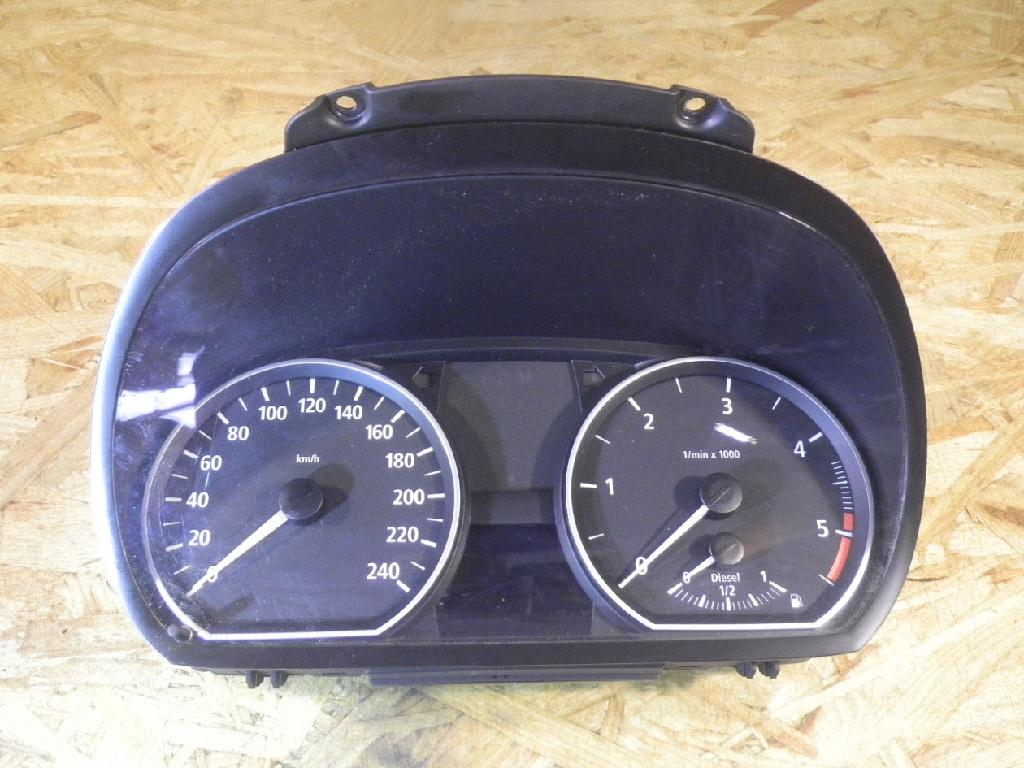 Instrumentenkombination BMW 1er (E87) 6961477 Bild Instrumentenkombination BMW 1er (E87) 6961477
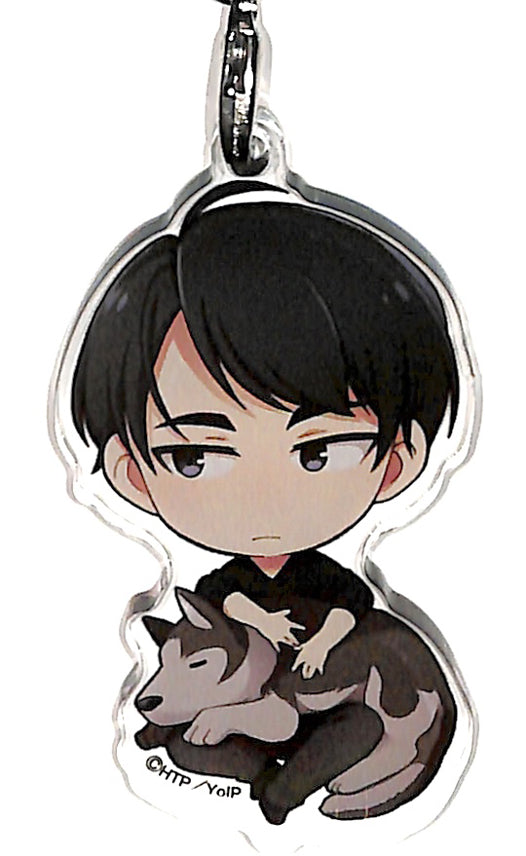 Yuri!!! on Ice Charm - Chara Form Acrylic Strap Collection Vol.2 Seung-Gil Lee (Seung-Gil Lee) - Cherden's Doujinshi Shop - 1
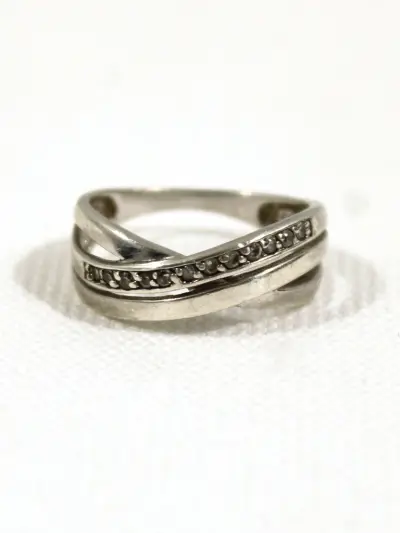 Elegante 925 Zilveren Ring – kavel bij De Kringwinkel, Dilsen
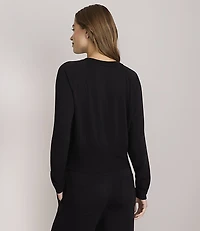 Lou & Grey Signaturesoft Raglan Henley Top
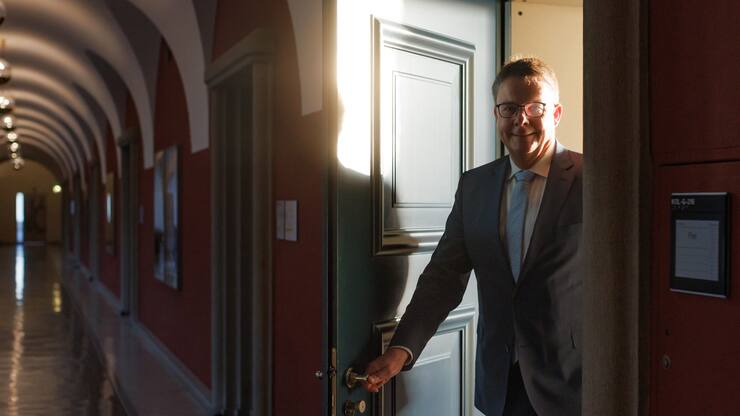 Michael Schaepmann, Rektor Universitaet Zuerich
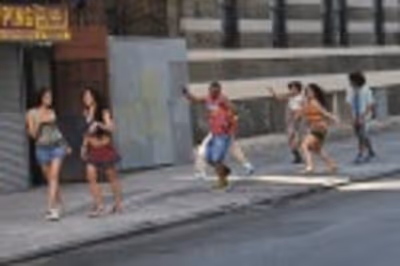 Karen Olivo, Nina LaFarga and ensemble Photo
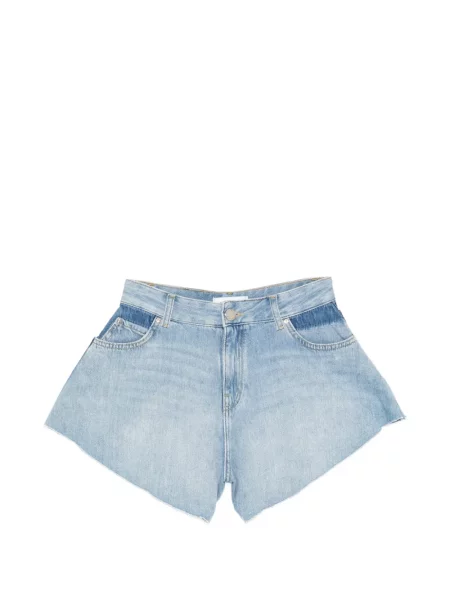 Szorty jeansowe Pinko niebieskie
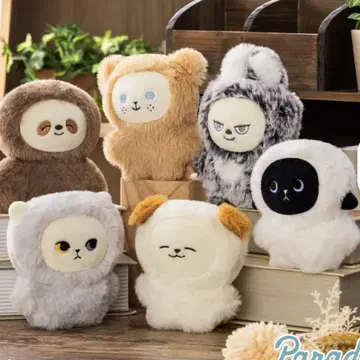 zoopi 마스코트 라운드원 한정판 컴프 6개 세트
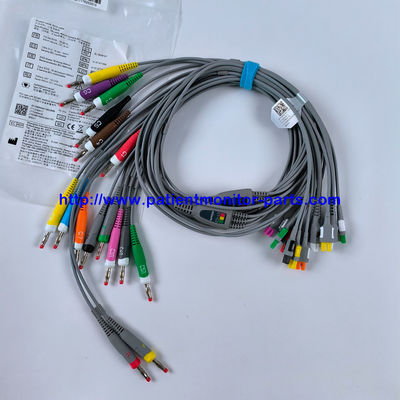 EDAN ECG CABLE 18-Lead 4MM chuối IEC tái sử dụng REF EL16DIB181 IPN 01.57.471394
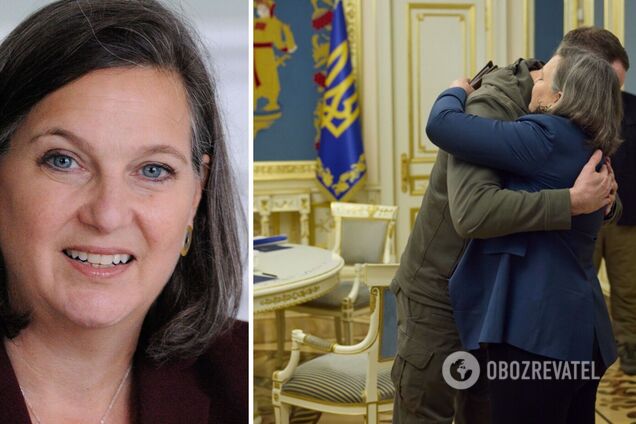 У Київ з візитом прибула Вікторія Нуланд: деталі зустрічі з президентом Зеленським і главою ОП Єрмаком. Фото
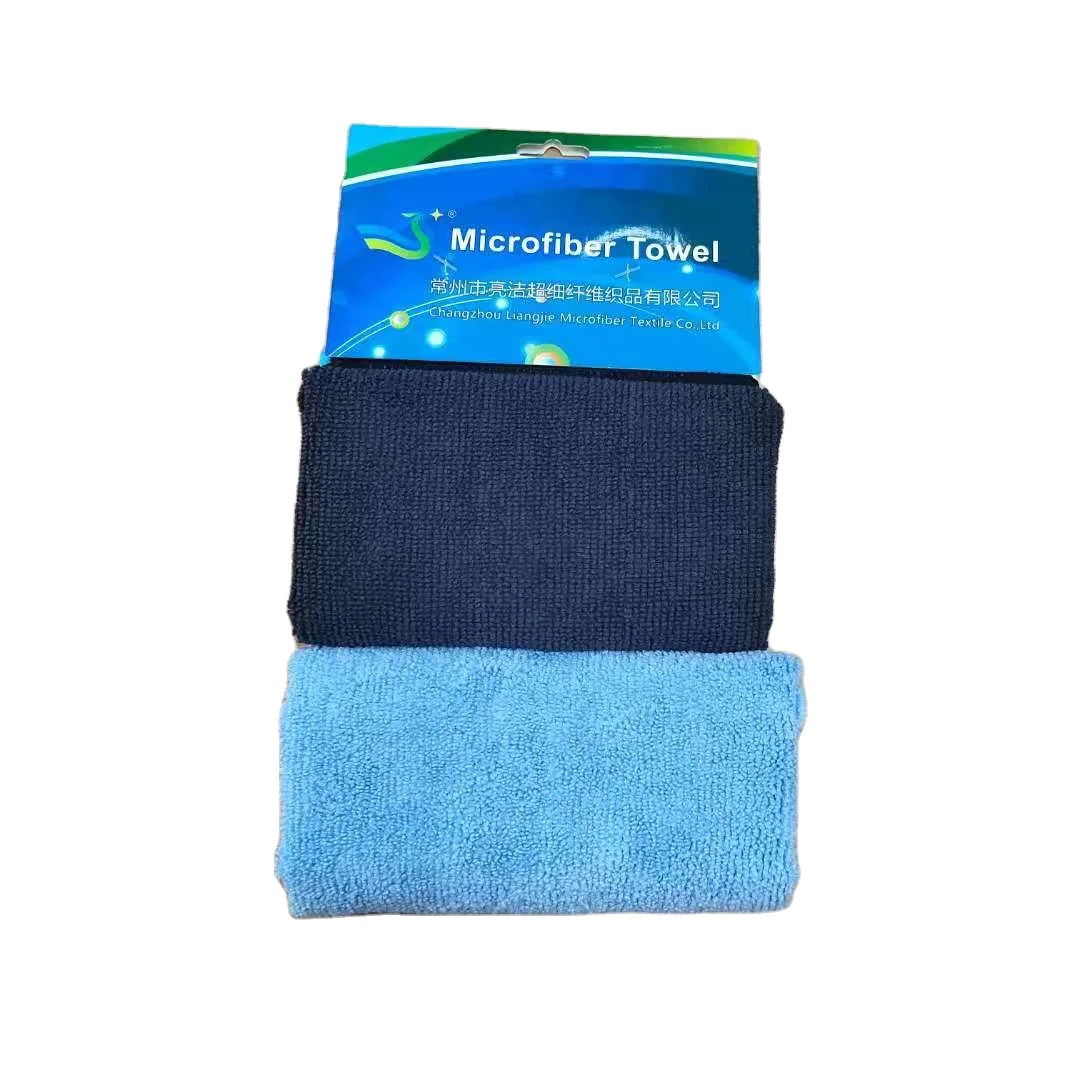 
Hot Sale Super absorbent Colorful Custom Print Microfiber Cleaning Cloth 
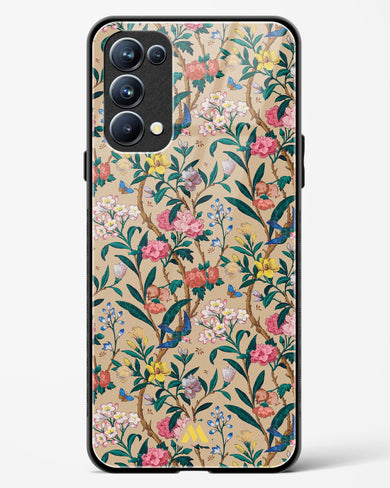 Vintage Garden Glass Case Phone Cover (Oppo)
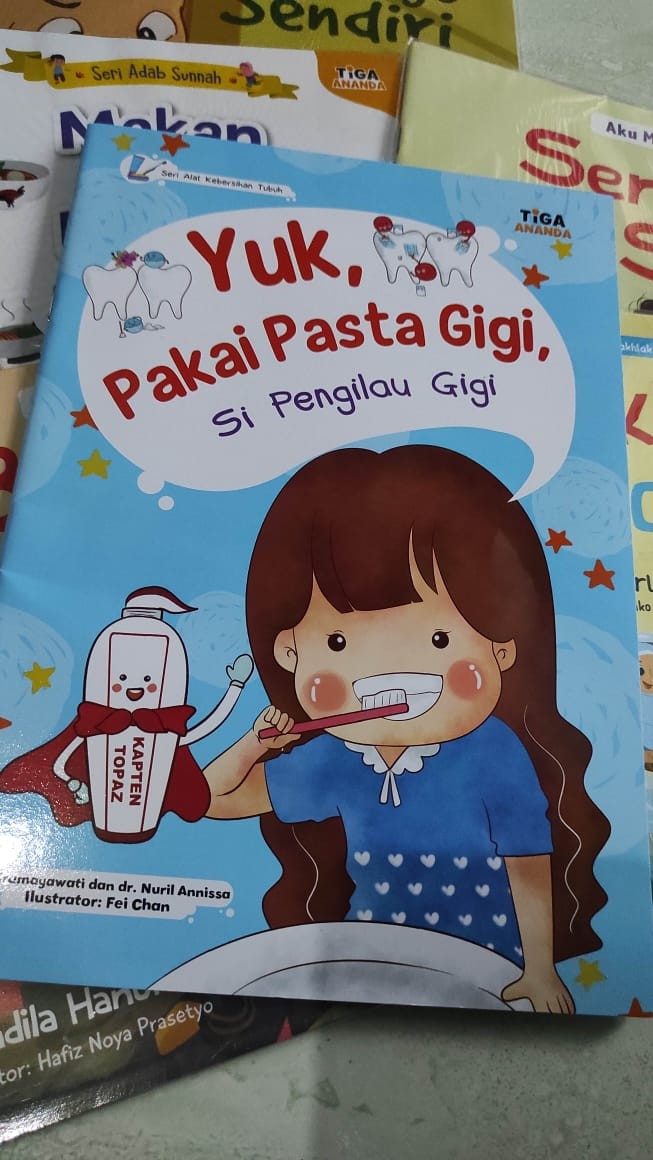 Seri Alat Kebersihan Tubuh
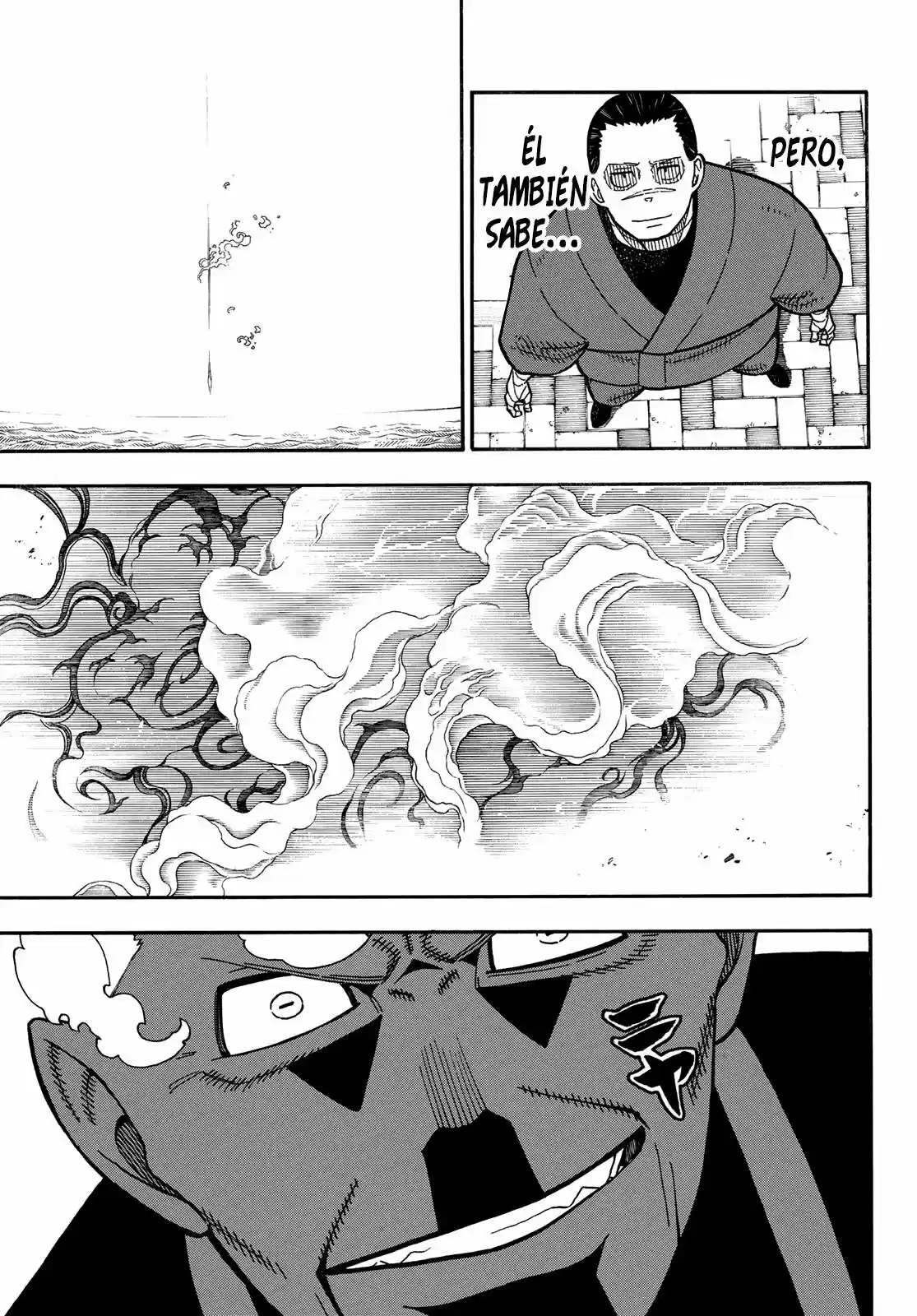 Fire Force capítulo 228, página 14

* **ABOUT THIS EXERCISE**: From the line with "EDAN ECG CABLE" down to the end of the entries, retype each line exactly as written, but drop the pictures.

* **ANSWER FOR THE TASK**:
 EDAN ECG CABLE 18-Lead 4MM chuối IEC tái sử dụng REF EL16DIB181 IPN 01.57.471394
 У Київ з візитом прибула Вікторія Нуланд: деталі зустрічі з президентом Зеленським і главою ОП Єрмаком. Фото
Hot Sale Super absorbent Colorful Custom Print Microfiber Cleaning Cloth 
 Vintage Garden Glass Case Phone Cover (Oppo)
 Seri Alat Kebersihan Tubuh
 Fire Force capítulo 228, página 14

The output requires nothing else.